Keberaniannya mengambil resiko yang tak jarang bahkan mengancam jiwanya, diakui
suami Kusnariyati Sri Rahayu ini sebagai sikap amal ma’ruf nahi mungkar
yang sesungguhnya amanat dan sekaligus ruh gerakan dakwah Muhammadiyah. Aminen
Rais juga merasa bahagia menerjang segala resiko perjuangannya karena mendapat support
penuh dari istri dan kelima putra-putrinya: Ahmad Hanafi, Hanum Salsabilla,
Ahmad Mumtaz, Tasnim Fauzia, dan Ahmad Baihaqi.

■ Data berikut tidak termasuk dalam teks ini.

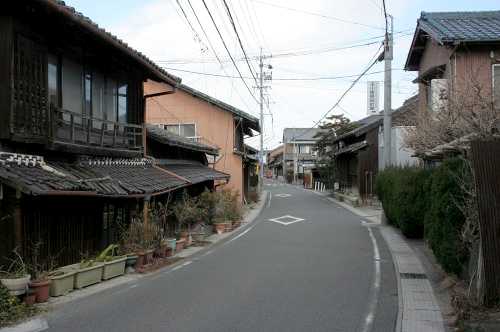 家並 安永 桑名市 三重県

”Saya dulu dididik ibu untuk amar ma’ruf. Menurut
beliau, melaksanakan amar ma’ruf tidak ada resikonya. Orang yang tidak
setuju pun tidak marah. Tapi, melaksanakan nahi mungkar banyak
resikonya,” gugahnya nan bersahaja. Proses ragi politik yang terus membusuk dan
melemahkan sendi-sendi ekonomi bangsa pada dasawarsa kedua tahun 1990-an,
mendorong Amien Rais kembali menggulirkan gagasan tentang suksesi, bahkan
dengan desakan lebih luas: Reformasi Total. Berawal dari kasus Freeport dan
Busang, Amien Rais sengaja meggerbah kelesuan perubahan sosial yang mendasar di
negeri ini. Bahkan, gagasan dan gerakannya berada di garda paling depan dalam
meruntuhkan kebobrokan politik Orde Baru. Sejak awal bergulirnya reformasi,
Amien Rais sudah menyatakan ”siap” mencalonkan diri sebagai presiden. Ini
sebuah pernyataan yang dinilai sangat berani pada saat itu meskipun diakuinya
sendiri hanya sebatas political education. Namun wacana pencalonan
dirinya sebagai presiden, bukanlah semata-mata didorong hasrat untuk berkuasa
melainkan cermin sikap high politic-nya yang konsekwen mendorong upaya
pengentasan penderitaan rakyat akibat distorsi kepemimpinan nasional yang
otoriter dan korup. Amien Rais melihat keterpurukan bangsa ini harus diperbaiki
mulai dari tampuk kekuasaan.
Keterlibatan Amien Rais di Pimpinan Pusat Muhammadiyah
dimulai sejak Muktamar Muhammadiyah tahun 1985 di Surakarta sebagai Ketua
Majelis Tabligh. Pada Muktamar Muhammadiyah ke-42 (1990) di Yogyakarta, Amien
Rais terpilih sebagai Ketua Pimpinan Pusat Muhammadiyah. Meninggalnya K.H.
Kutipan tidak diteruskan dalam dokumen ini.